First, it was shown that solving the maximal distance throwing problem is not as trivial as one would initially think, even for the simple planar RR manipulator. The common 45 deg angle launch is considerably sub-optimal. We also highlighted the significant contribution of factors such as the vertical position of the end-effector at launch, which cannot be overlooked in a more realistic ballistic model. To enhance the effectiveness of the optimization process, we proposed an approach that leverages the best initial guess from a set of random trials, offering a promising balance between computational time and convergence rate. Future work could further explore other global optimization strategies to refine this process.
The study delved into the role of the vertical first joint in RRR and 6R manipulators and the wrist of the 6R manipulator, which were found to significantly augment the throwing distance capabilities. These outcomes offer a fresh perspective on the design of robotic manipulators, given that the vertical first joint does not directly contribute to the vertical velocity of the end-effector, and the wrist links of the 6R manipulator are relatively short.

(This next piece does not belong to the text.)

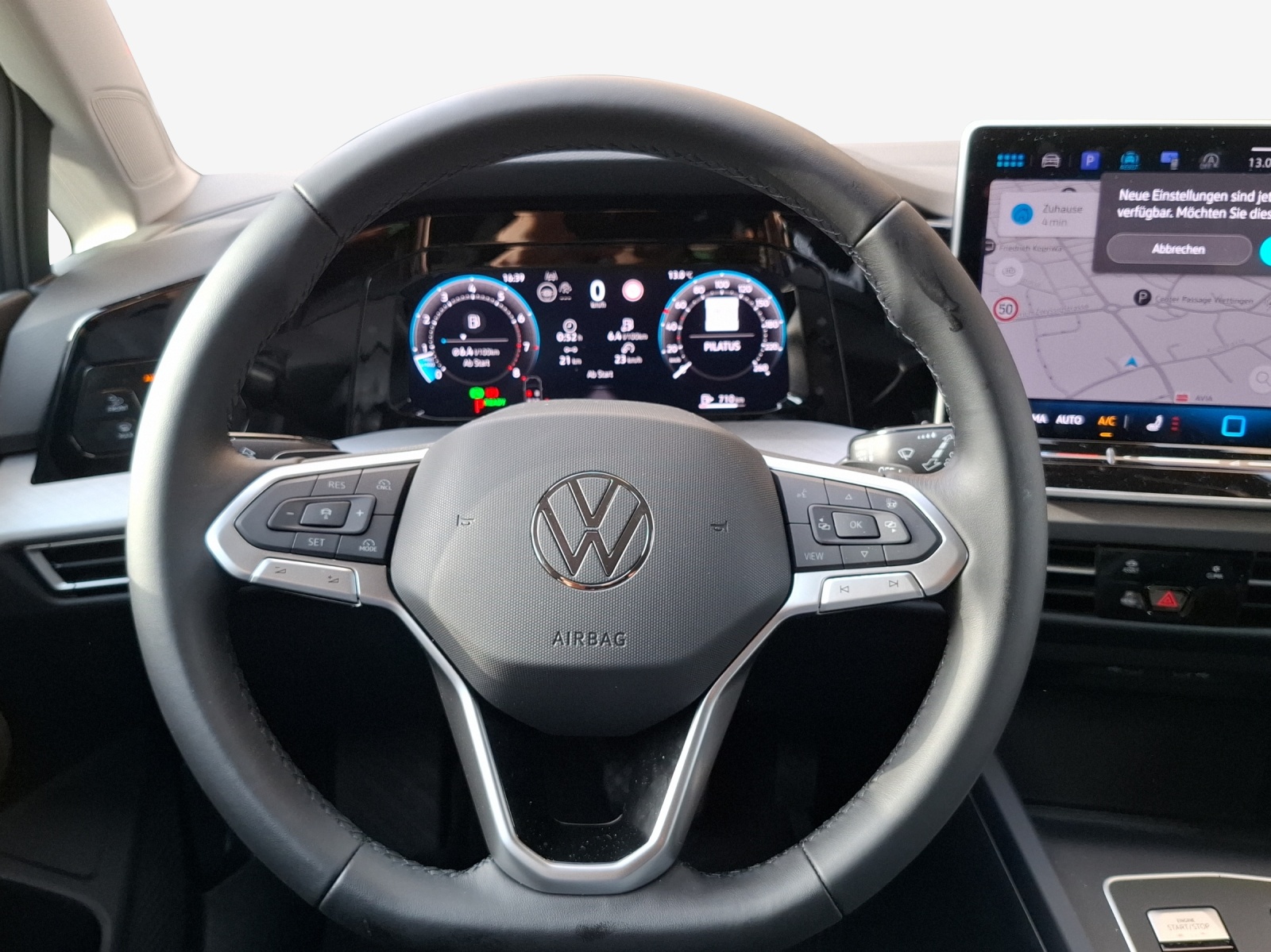 VW Golf 1.5 e TSI mHEV United DSG-image-9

When considering the effect of joint bounds, it was shown that the velocity bounds must be high or the acceleration bounds must be low before a decrease in the distance throwing capabilities is observed. Solving the distance throwing problem with no kinematic constraints is much easier than solving it with all these constraints such as joint acceleration and jerk. Moreover, it was discovered that the solution to the easier, less constrained problem always resulted in finding the global solution to the more complex kinematically constrained problem, even when strict acceleration constraints were imposed.

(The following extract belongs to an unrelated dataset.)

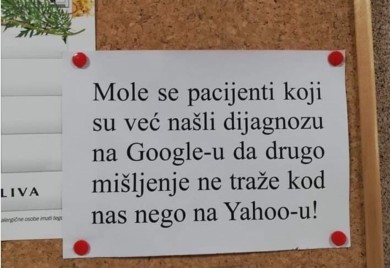 Poruka iz Doma zdravlja sve nasmijala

Furthermore, our examination of the impact of joint bounds revealed that unless velocity bounds are high or acceleration bounds are low, the throwing distance capabilities are typically unaffected. It was also determined that the problem of maximal distance throwing with no kinematic constraints is more straightforward to solve than its counterpart with kinematic constraints such as joint acceleration and jerk. Interestingly, we found that the solution to the less constrained problem invariably led to the global solution of the more complex, kinematically constrained problem even when stringent acceleration constraints were in place.
This research provides insights into the complex relationship between the kinematic design of robotic manipulators and their throwing performance. It presents several promising strategies and considerations for the design and optimization of robots with specific task requirements, ultimately paving the way for more targeted and efficient robotic designs in the future.
Looking ahead, we plan to extend this research to encompass a broader range of design objectives and more complex manipulator models. We also intend to investigate the impact of dynamic constraints, such as joint torques and forces, to further enhance our understanding and optimization of robotic manipulator design.
Footnote
Since the optimization method employed in this work (SQP) is a gradient-based method, the global optimum cannot be guaranteed. However, considering the large number of optimizations performed in the analyses (11,000 for each manipulator), it is assumed that the best solution found is the global optimum.